De la Tierra al cosmos: un pensamiento sobre La vallée close

Al ver La vallée close de nuevo uno siente que no ha visto nada la vez anterior. La impresión de recordar, de añorar algunos de sus planos es equivalente a la admiración que se siente por la poética material de Jean-Claude Rousseau. En torno a doce lecciones, que no deben ser olvidadas una vez aprendidas, sino que se agrupan y se recuerdan como piezas clave de un mismo entramado, podemos ver la claridad del día y la oscuridad de la noche. Las variaciones de luz que dan cabida a las formas de lo real.

La película de Rousseau comienza hablando de la rotación y la traslación de la Tierra mientras muestra senderos estáticos en el bosque, de cómo el día deviene noche y ésta, de nuevo día. Y también de cómo las cuatro estaciones se suceden para acabar volviendo a un inicio. Ciclo y circularidad que se manifiestan mediante el uso de la repetición y la progresión de imágenes y sonidos. Un mar de repeticiones, un mar de imágenes y un mar de sonidos que deben ser atendidos desde la potencia del plano fijo para, en determinado momento, ponerse en movimiento. Solo cuando hemos comprendido el movimiento desde la quietud podemos empezar a movernos.
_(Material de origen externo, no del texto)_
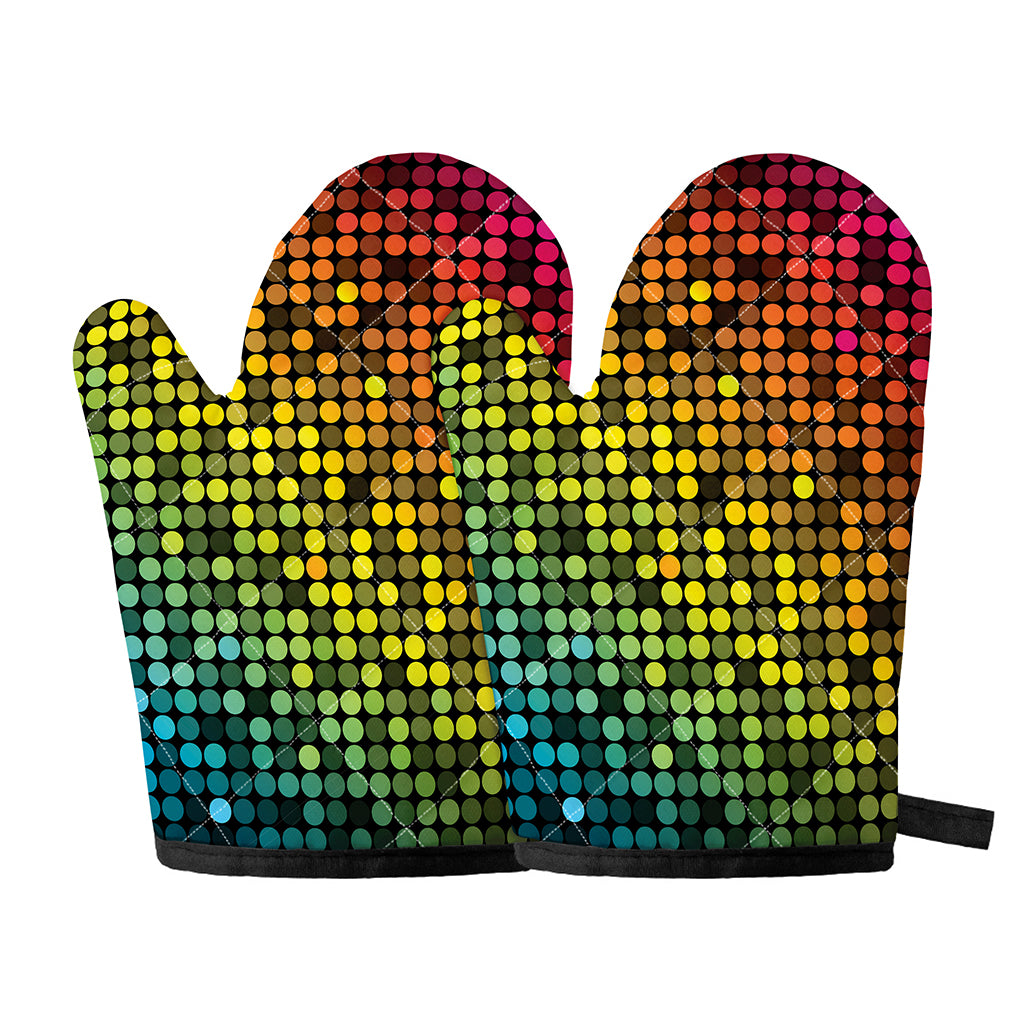Colorful Disco Lights Pattern Print Oven Mitts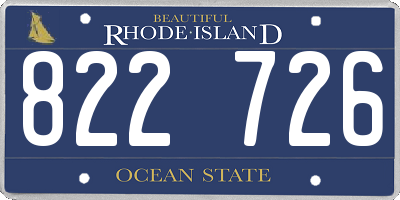 RI license plate 822726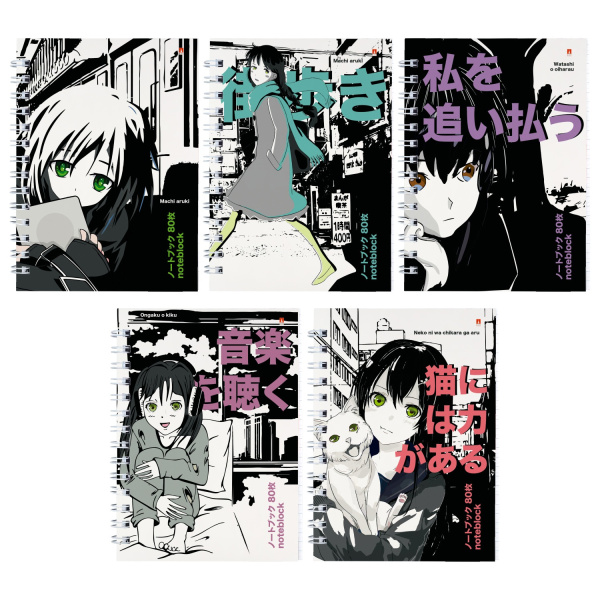 Блокнот/гребень  А6  80л Manga Anime. City,  5видов АКЦИЯ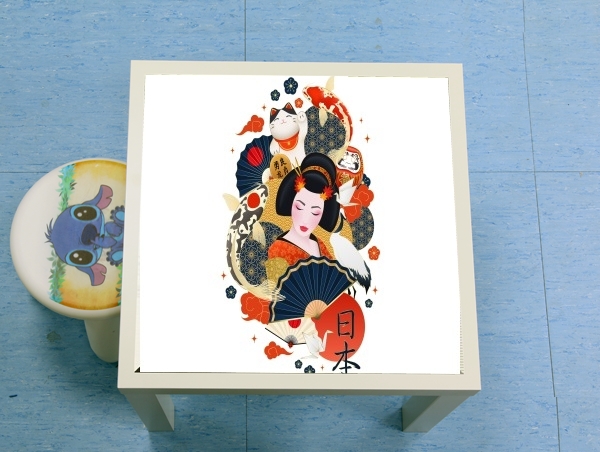 table d'appoint Japanese geisha surrounded with colorful carps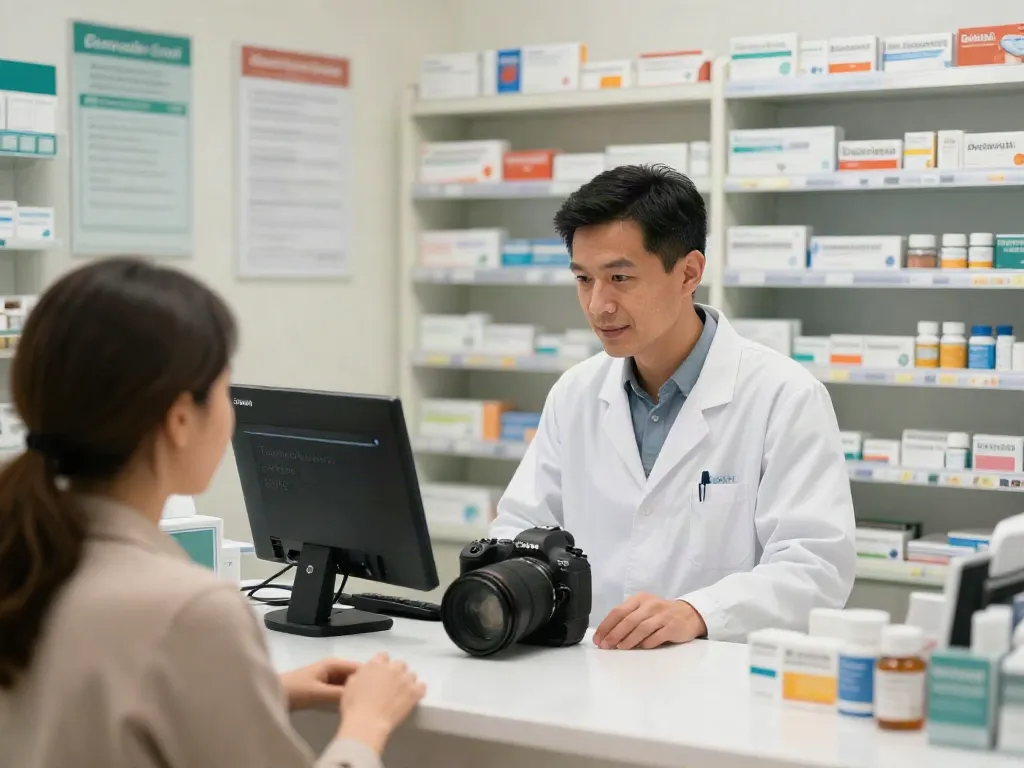 Pharmacist assisting a patient about Tramadol and codiene in UAE in a well-organized pharmacy.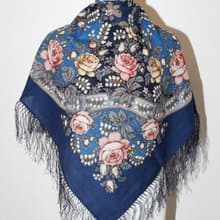 Authentic Pavlovo Posad Russian Shawl Scarf Soft 100% Wool 89x89 cm 1808-14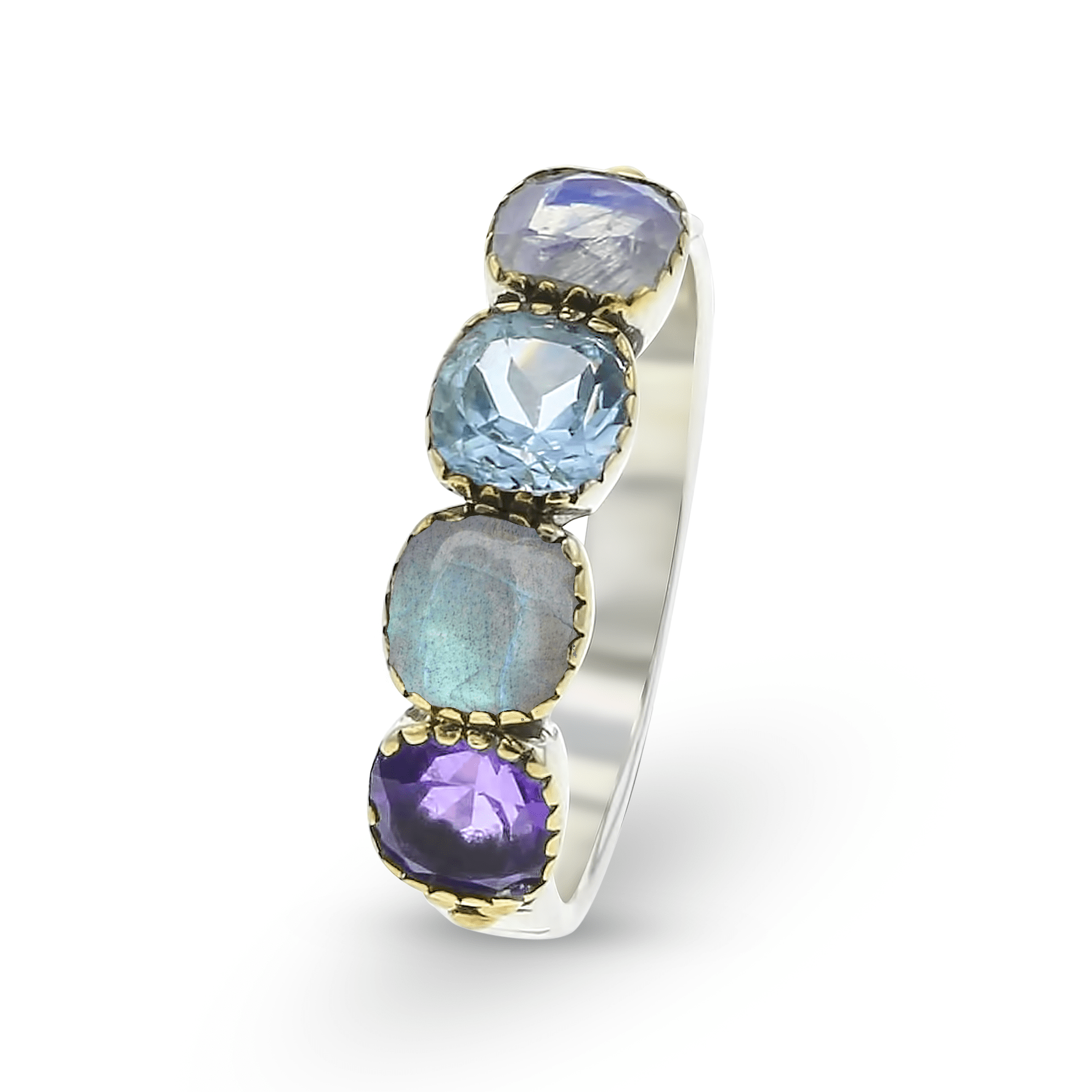 Bague en Argent 925 plaqué Rhodium et Or jaune 18k assemblée de Labradorite, Pierre de lune et Topaze bleu suisse - Maison Di Giorgio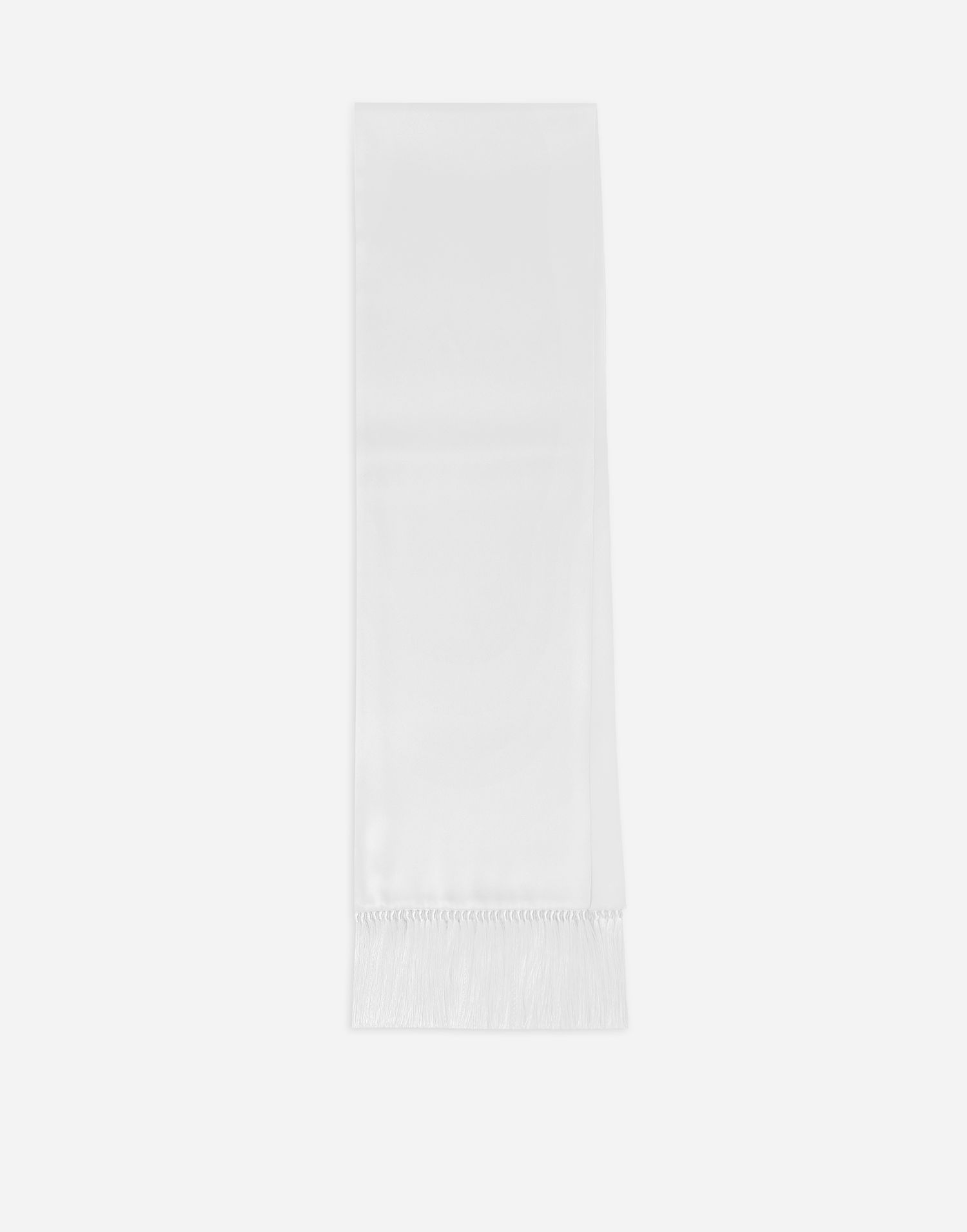 Tørklæde Dolce & Gabbana Silk Satin Scarf With Fringing Hvid | GQ359EFU1AUW0800, 1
La repetición de La vallée close es sinónimo de erotismo, una sensualidad que se da en el montaje mediante la unión de imágenes se «gustan» unas a otras y encajan formando diálogos más allá de una narrativa literaria. Aquí lo literal y lo material son los elementos a tener en cuenta. Dentro del viaje estático que es La vallée close, está lo diegético como esencialidad única. Jean-Claude Rousseau visitó durante diez años la gruta del pueblo de Fontaine-de-Vaucluse y a partir de allí generó una narrativa única, la de los sonidos y las imágenes comunicantes que se dicen cosas y esconden otras. La teoría de su visión abarca tanto lo que se ve como lo que es revelación. Lo invisible, el sentimiento de perderse en la contemplación de un paisaje durante mucho tiempo o simplemente escuchar el viento durante un breve segundo; la certeza de la presencia en el cine. Lo invisible que aquí es lo oscuro, la negrura de la gruta; la forma de un paisaje real que se proyecta como auténtico rincón donde no hay nada que ver y sin embargo algo se mira.

Rousseau afirma que la película solo podría haberse filmado en Super 8, pues de lo contrario la negrura opaca de esa gruta sería imposible de capturar. Por otra parte, la limitación del carrete de cada bobina se respeta con su correspondiente pausa, así como con cada repetición. En La vallée close, casi más que en la mayoría de películas, lo que se ve es lo que hay. Y lo que vemos es, en base a la imagen de la gruta, esa negrura que contiene a determinadas personas, turistas que se transforman en átomos y observadores del abismo. Personas que vienen y van, que se paran de espaldas y que cuya luz se absorbe. En la gruta hay agua, al igual que oscuridad, pero, aunque oigamos como las piedras que allí se arrojan salpican, jamás vemos qué forma se esconde en ella. Un misterio que reverbera en el tiempo, siempre quieto y siempre vivo.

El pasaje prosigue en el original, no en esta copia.